*** DATA PROVIDED Section Begins ***

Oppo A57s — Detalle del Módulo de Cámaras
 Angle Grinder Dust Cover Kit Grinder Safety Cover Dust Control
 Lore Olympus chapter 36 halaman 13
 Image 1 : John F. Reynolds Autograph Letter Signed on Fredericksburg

*** DATA PROVIDED Section Ends ***

EXERCISE INSTRUCTIONS | Print the full listing, word for word.

EXERCISE ANSWER |
Oppo A57s — Detalle del Módulo de Cámaras
 Angle Grinder Dust Cover Kit Grinder Safety Cover Dust Control
 Lore Olympus chapter 36 halaman 13
 Image 1 : John F. Reynolds Autograph Letter Signed on Fredericksburg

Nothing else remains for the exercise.